Vulnerability—that of the researcher and others involved in different parts of the research process—is apparent in several of the articles. Indeed, we may want to ask ourselves why a special issue on Methods has attracted so many papers on violence at this time.

Most of the articles in this volume address, implicitly or explicitly, the challenges as well as rewards of collaborative research, without shying away from—indeed, in some cases drawing deliberate attention to—the pitfalls of a naïve investment in collective research as by definition ethical or politically radical—more ‘feminist’ perhaps. We insist on this point not to detract from the valuable work of the individual authors in this volume, but to stress that the process of editing has itself involved a feminist methodology, and contributes to our own evolving understanding of and participation in the politics of academic journal infrastructures and editorial practices as involving certain methods. As Kate Eichhorn and Heather Milne (2016) argue, collective editorial endeavours such as the one we engage in here—and indeed, the one that forms the basis of the entire Feminist Review project—continue to be undervalued. In the context in which we work—British higher education—research in the humanities and social sciences, as elsewhere, is increasingly quantified as ‘outputs’ with a ranking of quality and impact. In the world of academic journals, impact is influenced by varying business structures of open access, new sales models such as consortia licensing and an astonishing specialisation and unprecedented proliferation of journals. According to a recent report by Mark Ware and Michael Mabe:

There were about 28,100 active scholarly peer-reviewed English-language journals in 2014, collectively publishing approaching 2.5 million articles a year (Plume & van Weijen, 2014). […] More broadly, Google Scholar is estimated to index between 100 and 160 million documents including journal articles, books, and grey literature (Khabsa & Giles, 2014; Orduña-Malea et al., 2014), while the Web of Science database includes about 90 million records. (Ware and Mabe, 2015, p. 27)

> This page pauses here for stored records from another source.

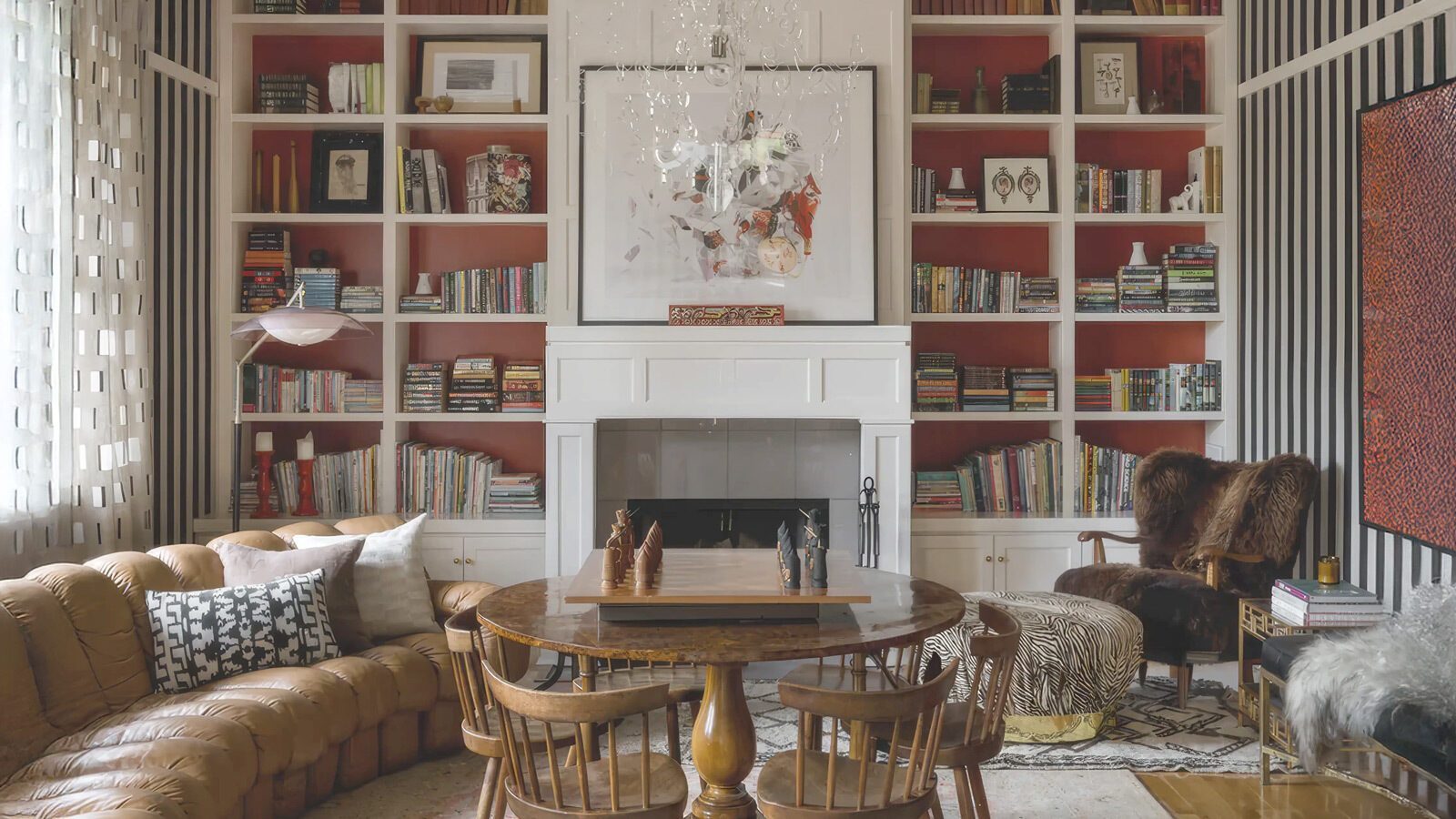 A living room with built-in bookshelves, a fireplace, a round wooden table with chairs, a sectional sofa, and a fur chair under a chandelier.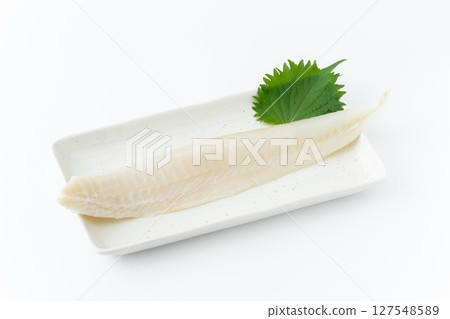 A fence of solefish on a square plate on a white background 127548589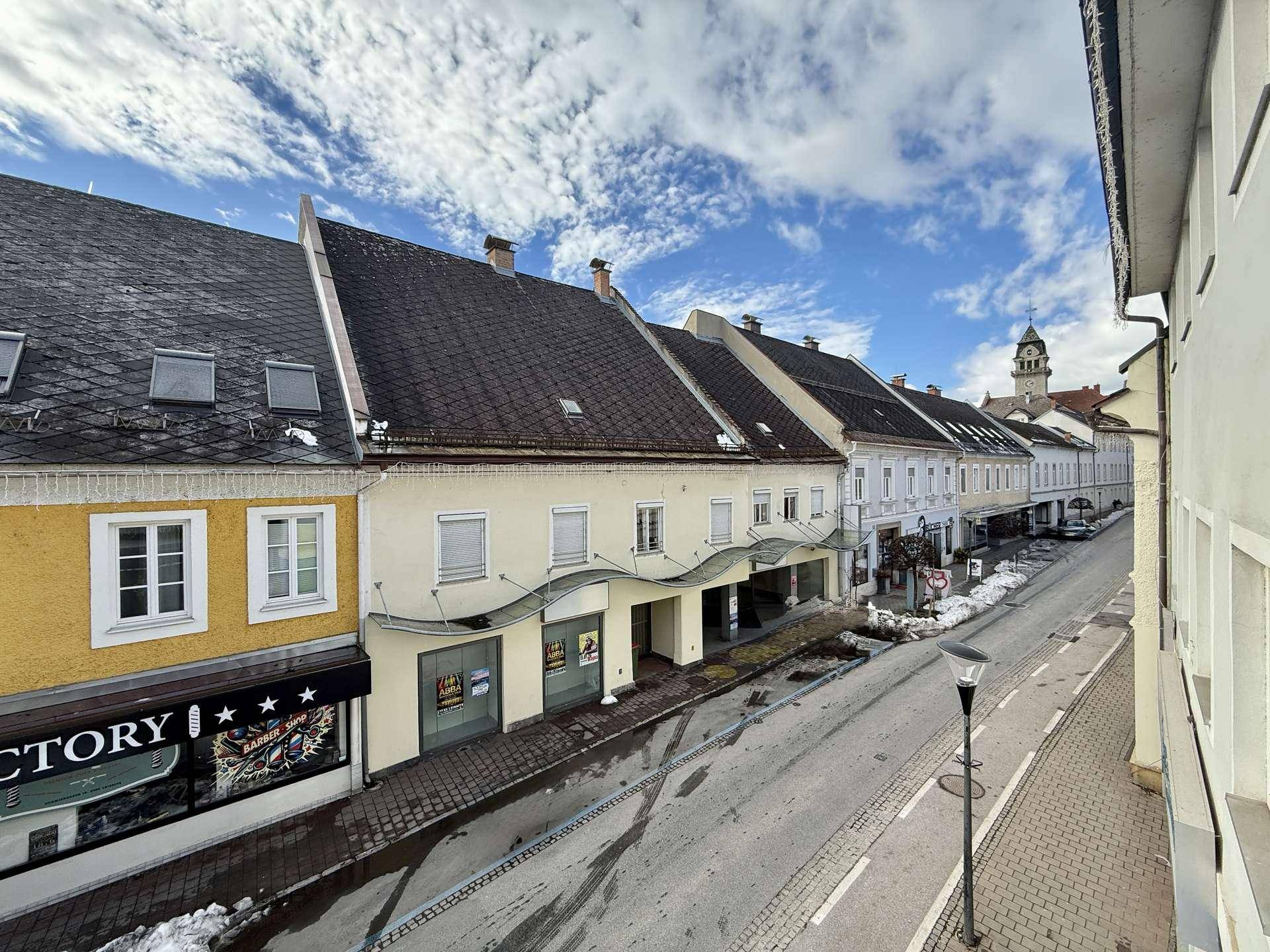 Blick von oben auf eine belebte Straße mit Geschäften und historischen Gebäuden.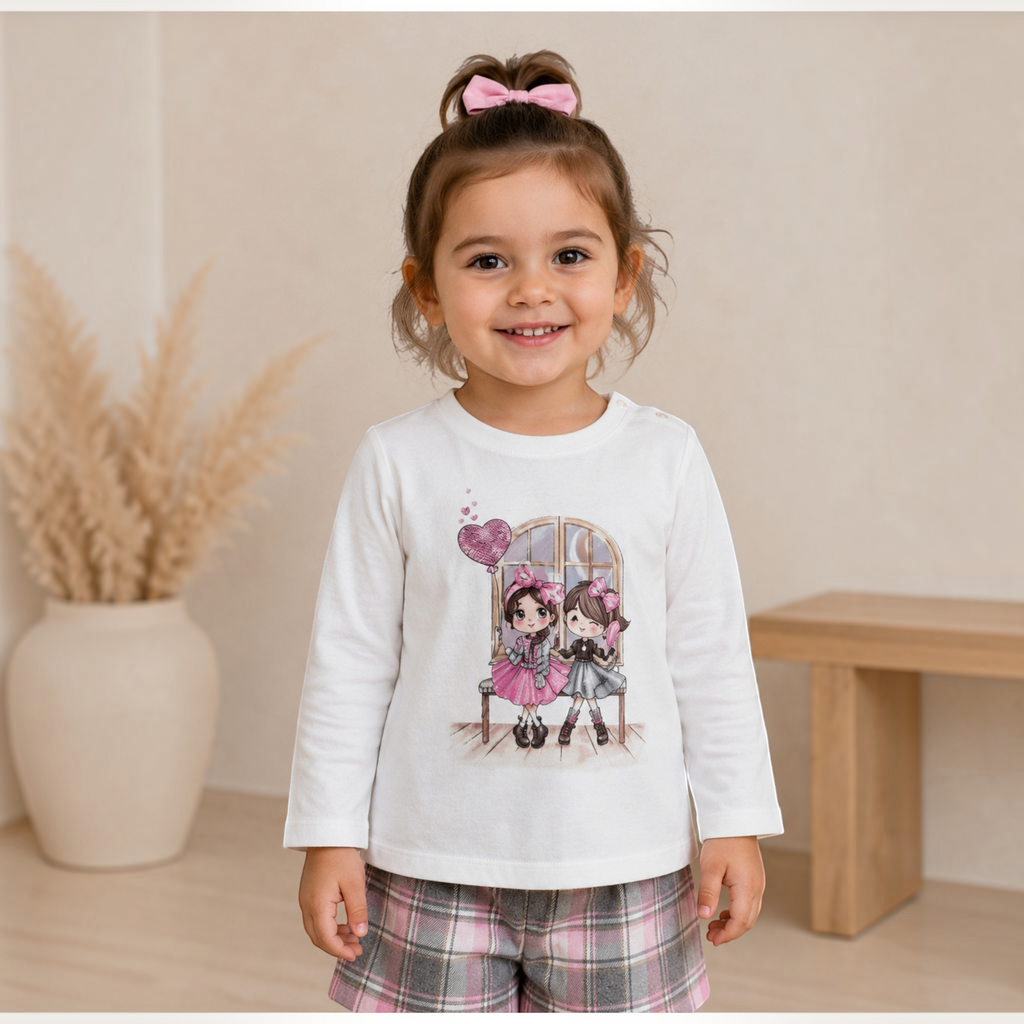 victor and jane girls white long sleeve top with cute cartoon graphic print worn by a smiling toddler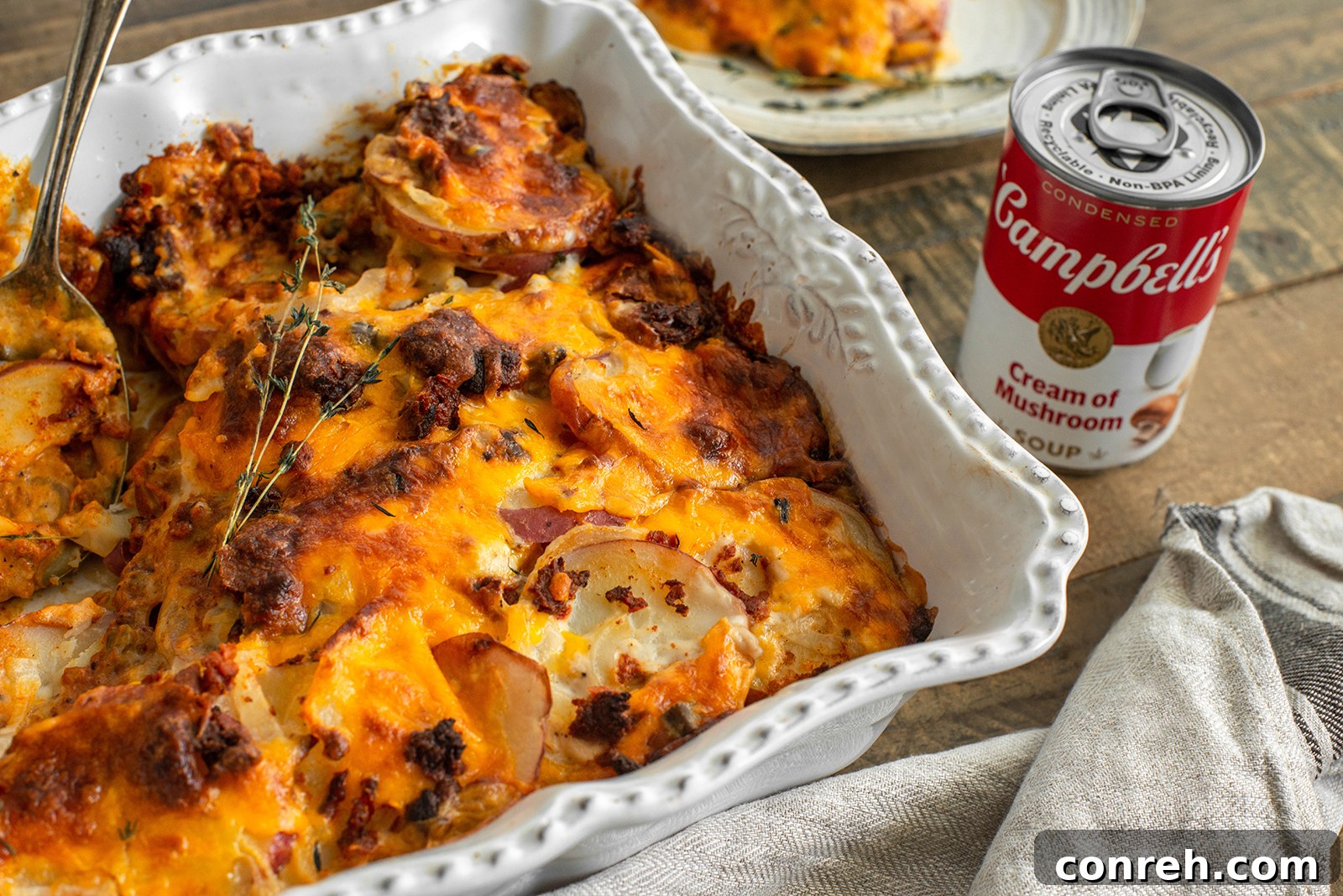 Close-up of golden, bubbling cheesy scalloped potatoes with chorizo.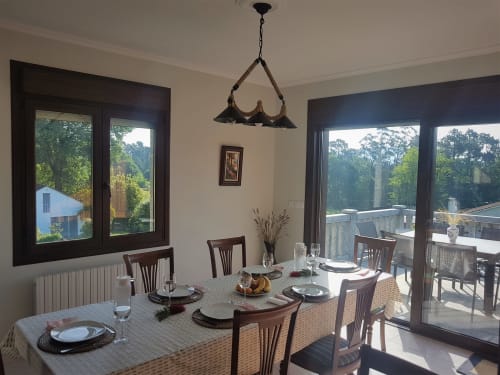 Comedor interior de la casa de alquiler vacacional O Eido de Celia, en Guláns, Ponteareas, Galicia, con mesa preparada para una comida y grandes ventanales que ofrecen vistas al exterior y a la terraza.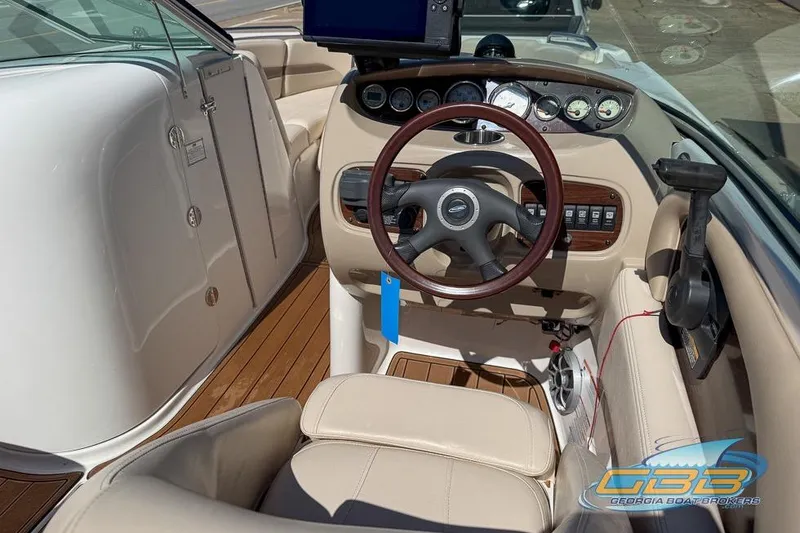 Slide: The Image of 2006 Chaparral Sunesta 274 boat interior with steering wheel and dashboard controls. - 10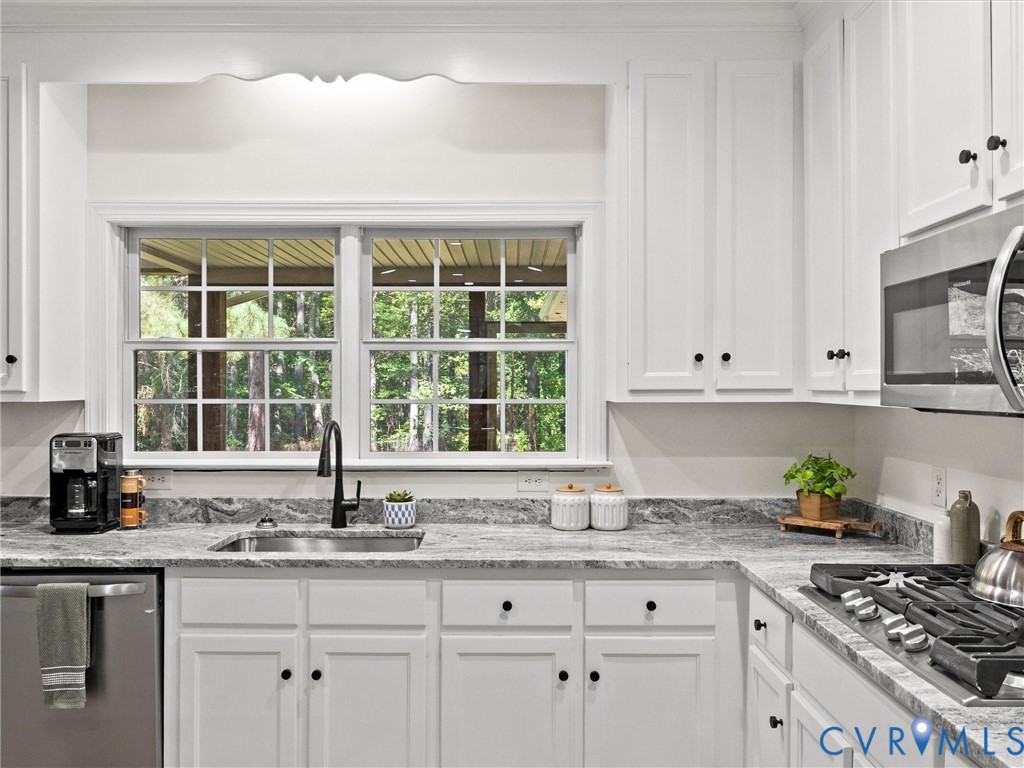12 Henderson Road New Canton, VA 23123 - Photo 19 of 49 White cabinetry with black hardware, light-toned c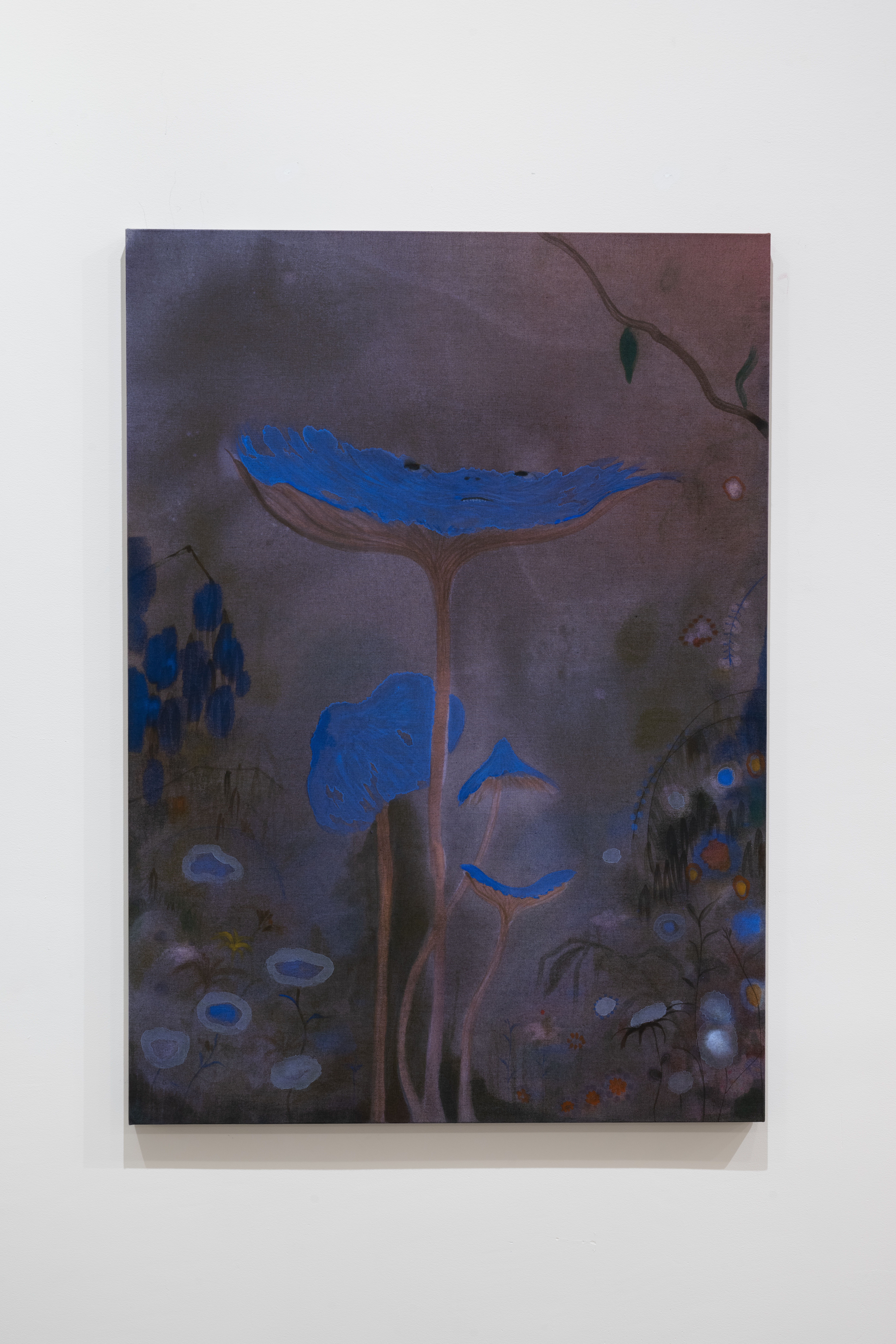 Color image of a watercolor painting. Against a purple and brown background, emerge flowers with bright blue petals opening up in the middle of the composition. In the background, other blue flowers, and plants surround them. A pair of eyes, nose and mouth are painted over the largest blue flower placed in the middle.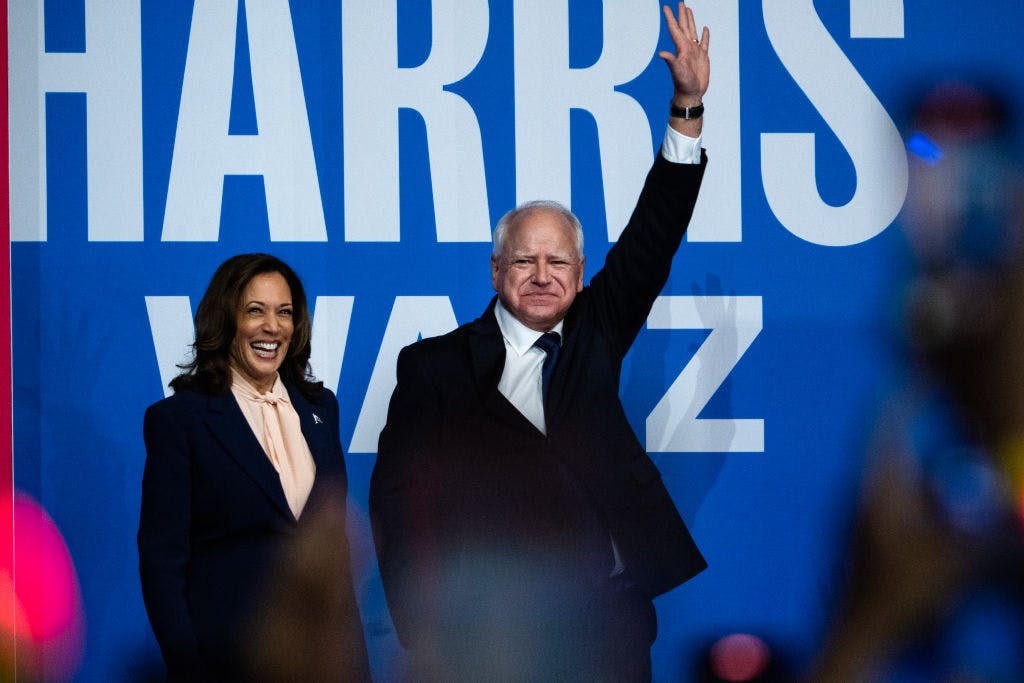 Man with raised hand and woman smiling in front of a poster reading Harris Walz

The collective and dialogic work of reviewers and editors is largely obscured in such environments, even though, as former Feminist Review collective member Clare Hemmings (2011, p. 21) insists, academic journal articles are inevitably the products of collective work involving editorial boards and anonymous readers, as well as individual or groups of named authors. To cite Eichhorn and Milne (2016, p. 190) once again, ‘… the work of editing […] is less concerned with meaning and its exhaustion than with relationships and proximities’.

The collective labour of dispersed and proximate reading and editing that has gone into this themed issue is a method that aims to nurture and bring together—ideas, researchers, readers—precisely in order to open up spaces of feminist knowledge production, of thinking and un/knowing differently. While this work is inevitably flawed, it provides another instance of why the question ‘Where are we with feminist methods?’ is such a significant and provocative one.